Immediately before labeling with the nitroxide reagent (1-oxyl-2,2,5,5-tetramethylpyrroline-3-methyl)-methanethiosulfonate (Toronto Research Chemicals Inc.), the reducing agent, tris-(2-carboxyethyl) phosphine hydrochloride (TCEP, Molecular Probes) was removed by exchange from the usual storage buffer (10 mM HEPES-KOH, 300 mM KOAc, 2 mM TCEP pH 7.6) into 10 mM HEPES-KOH, 300 mM KOAc pH 6.7 using a Nap10 column (Amersham). The proteins were concentrated using a Centricon 30 (Millipore). Typically 0.2 mL of each SecB variant, at a concentration of approximately 1.3 mM monomer, was incubated with an equimolar amount of the spin labeling reagent. To generate C97R1 we used the native, wild-type protein. In the case of residues that were close enough to show spin-spin interaction (D20, E24, E77and Q79) the labeling was carried out with a mixture of the spin label and an analogue (the generous gift of Kálmán Hideg), which has no free electron, at a ratio of 1:1.5. D35 shows spin-spin interaction across the interface of the dimer of dimers. This interaction was reduced by mixing labeled SecBD35R1 with an equal amount of unlabeled SecB and incubating to allow the spontaneous exchange of dimers. The spin label reagent and the analogue were each prepared as a stock of 100 mM in acetonitrile and stored in the dark at −80°C. The reaction was allowed to proceed on ice in the dark for 2 – 3 hours. To remove excess spin label and to separate the spin-labeled species that were tetrameric from aggregated species the entire reaction mixture was applied to a BioSep-SEC-S 3000 column (600 × 7.8 mm, Phenomenex), equilibrated in 10 mM HEPES-KOH, 300 mM KOAc, 5 mM Mg(OAc)₂ pH 6.7. The proteins that eluted in the position of tetramer were concentrated using a Nanosep filter concentrator, 10,000 MW cut off (Pall Life Sciences).
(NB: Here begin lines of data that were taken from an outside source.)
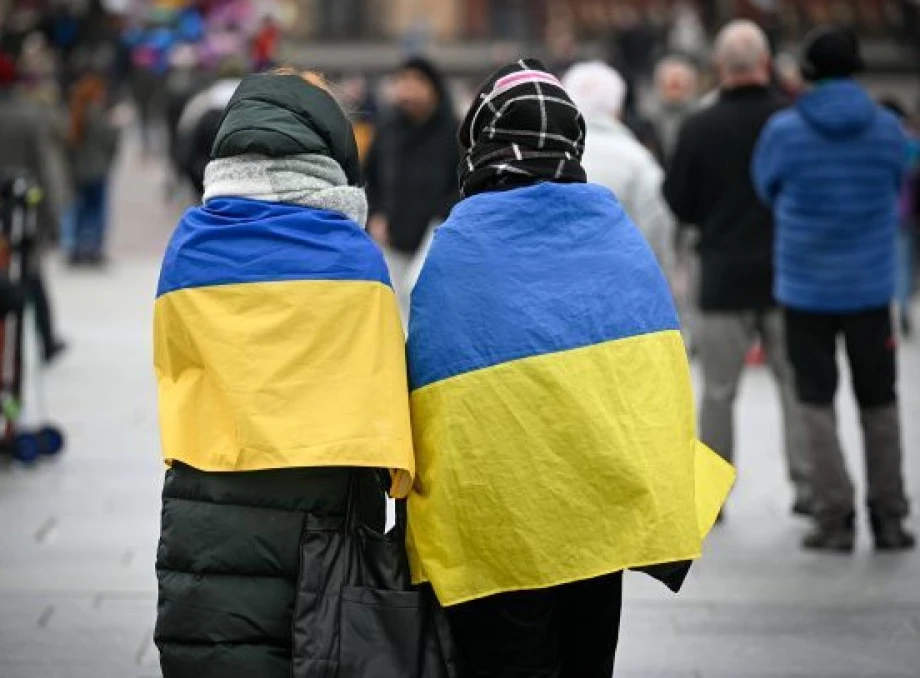Україна почала переговори про повернення біженців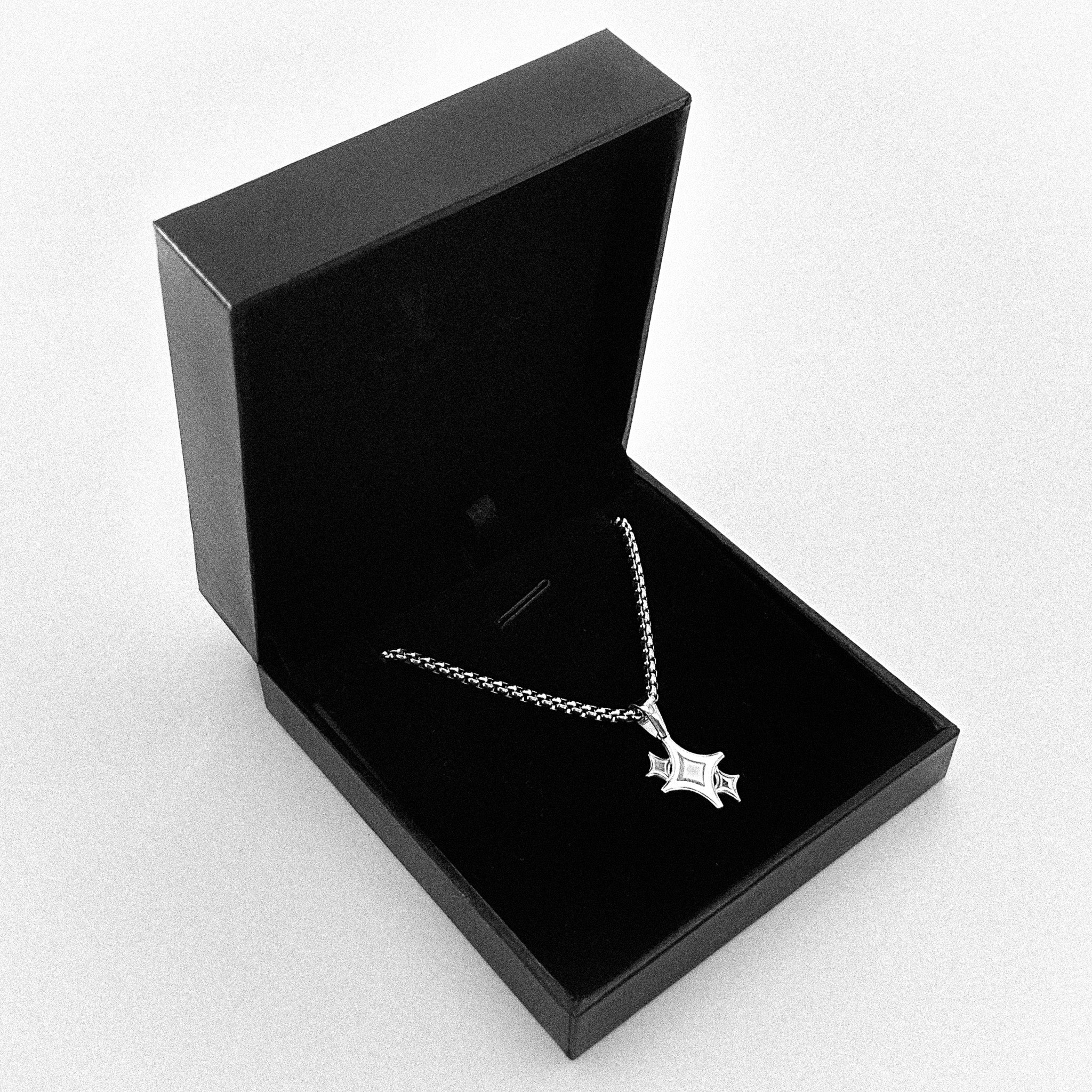 Modern Star Box Chain 2.5mm Stainless Steel Showcase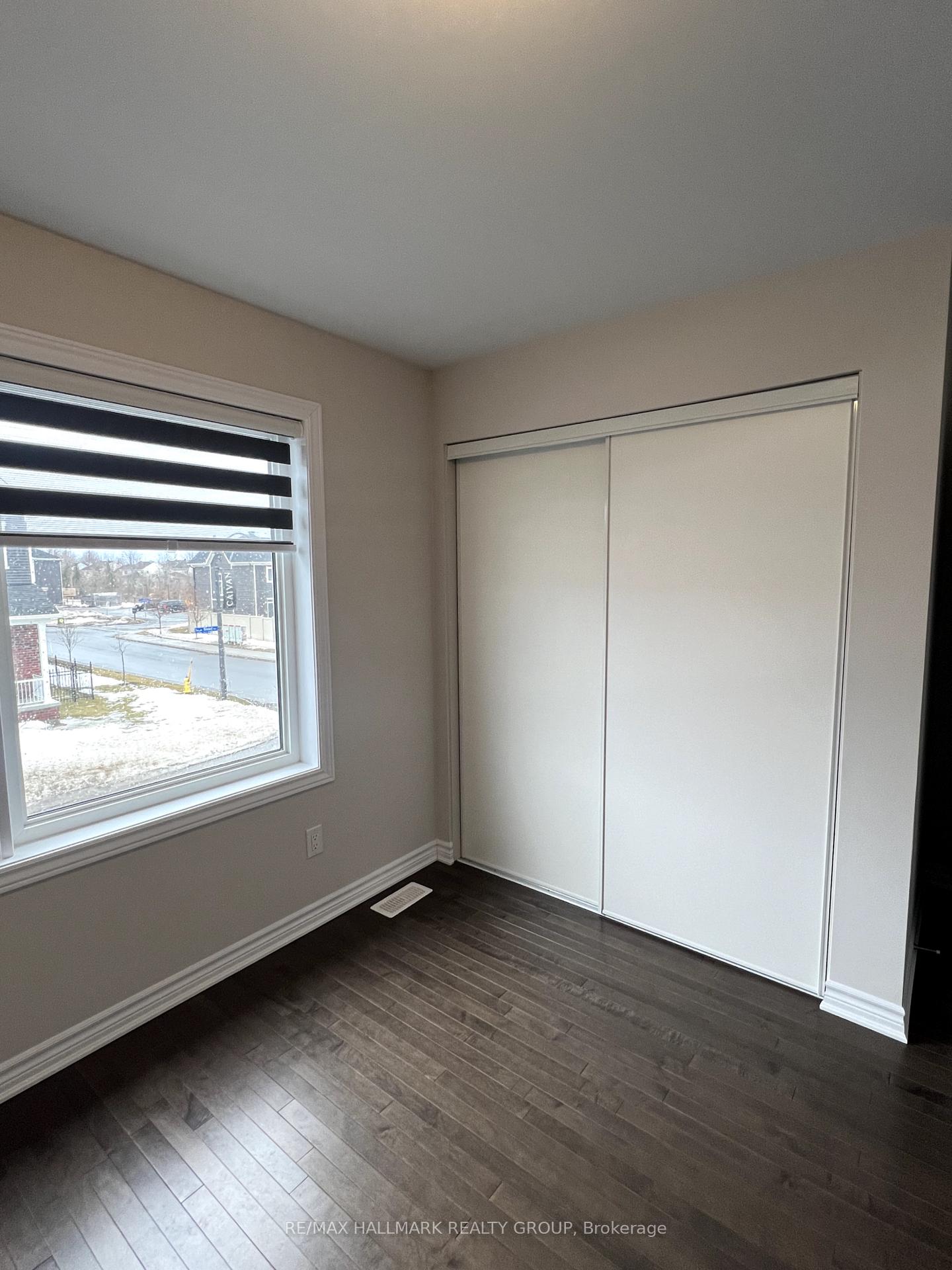 Photo 28 of 701 Vennecy Terrace E, Ottawa, Chapel Hill South - Orleans Village — HOMEH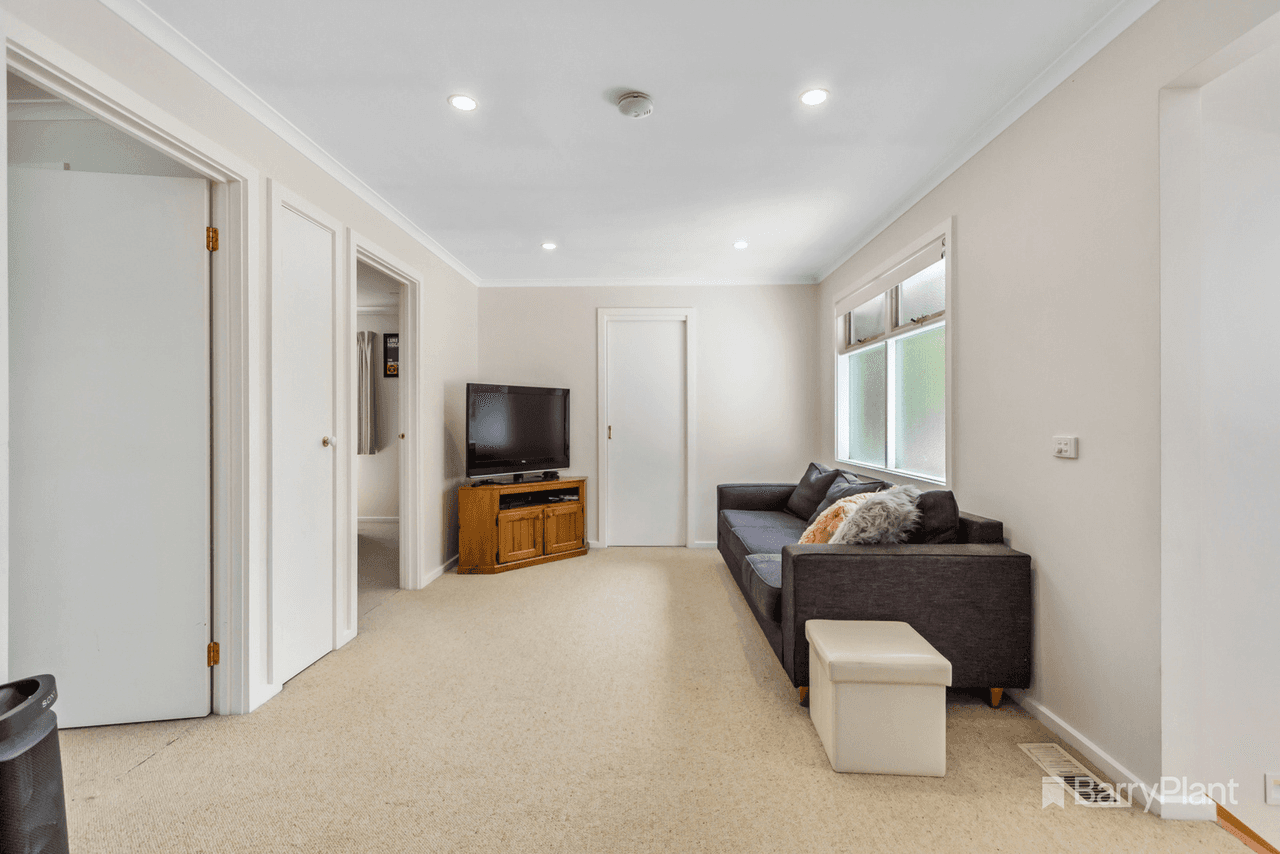 2 Shalimar Crescent, Boronia, VIC 3155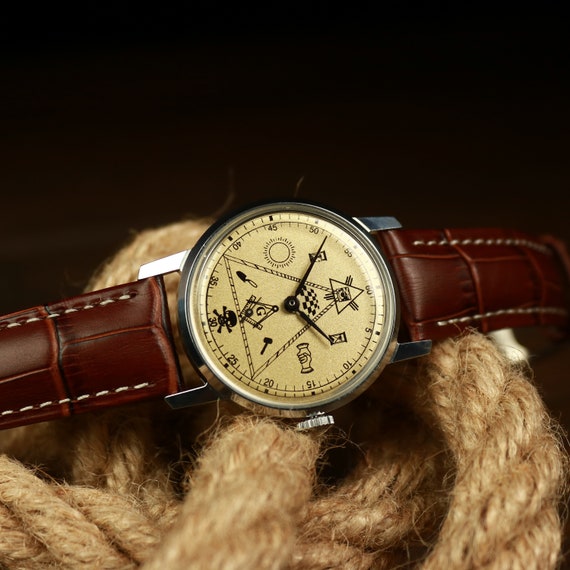 Vintage men's watch Pobeda, Vintage watch, Soviet… - image 7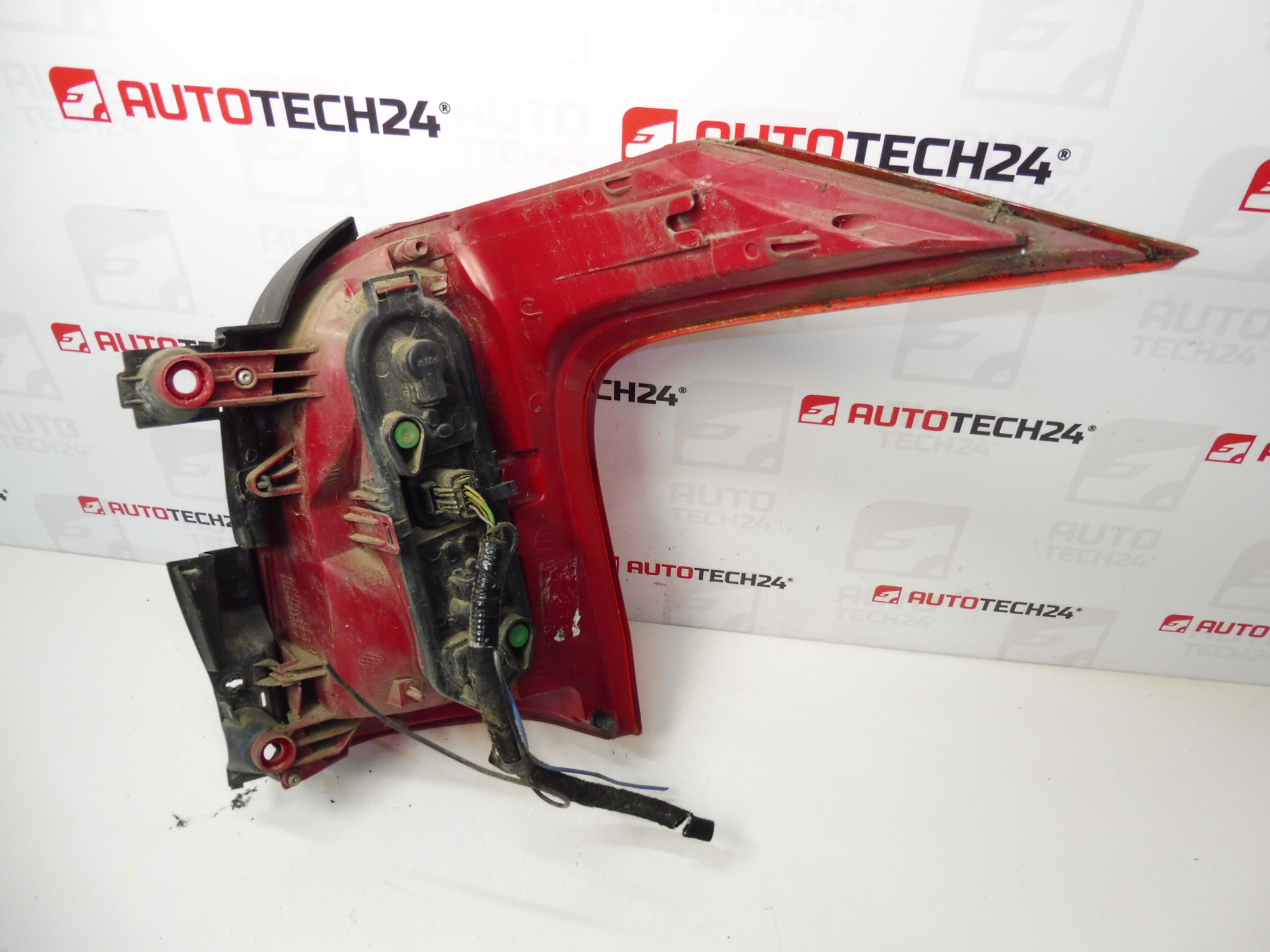 Lampa spate stanga Peugeot 5008 I 9672666580 6350KH 6350HX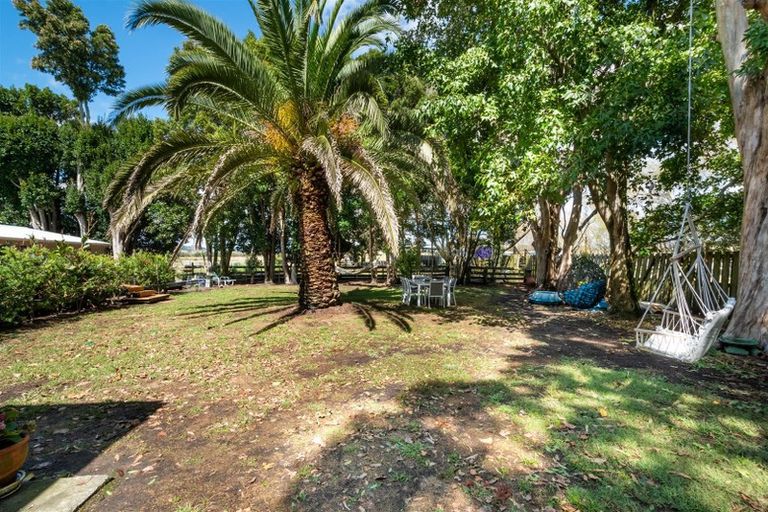 Photo of property in 2162 State Highway 16, Helensville, 0875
The concentration of each spin-labeled protein was determined by absorbance at 280 nm. Each spin-labeled variant was analyzed by MALDI mass spectrometry and in all cases the labeling was near stoichiometric. The proteins were stored at −80°C. The spin-labeled variants are designated by the amino acid and residue number that has been substituted by cysteine and modified by the nitroxide side chain, R1. Thus, K41R1 indicates that lysine at position 41 was converted to cysteine and reacted with the spin label reagent.

Activity Assays

To ascertain that introduction of the nitroxide did not disrupt structure all spin labeled variants were subjected to analysis by HPLC using a size-exclusion column (TSK G3000SW, TosoHaas). At six positions (N104, R111, L128, A129, D134 and F137) derivatization of the cysteine by the spin label resulted in considerable aggregation (~50% in some cases). However, the protein that eluted as a tetramer could be isolated by size-exclusion chromatography and if used immediately did not repopulate the aggregate. All spin-labeled variants included in this EPR study were shown to be tetrameric and to form complexes with precursor galactose-binding protein as well as with SecA by size-exclusion chromatography as described (data not shown).²⁰

EPR Measurements

EPR spectroscopy was performed on an X-band spectrometer, a Bruker Elexsys E500 or Bruker EMX, with a high sensitivity resonator. Protein samples of 5 µL (spin label was either 80 µM or 160 µM) were loaded into synthetic silica capillaries (0.6 mm i.d.× 0.84 mm o.d.) sealed at one end. All spectra were acquired using incident microwave power at 20 mW, and a 100 kHz field modulation of 1 to 4 gauss as appropriate. All spectra were recorded at 6°C with a scan width of 100 gauss centered at 3356 gauss. Between 15 and 25 scans were averaged for each spectral line. All spectra were normalized and further analyzed using the Labview programs written by Christian Altenbach (UCLA).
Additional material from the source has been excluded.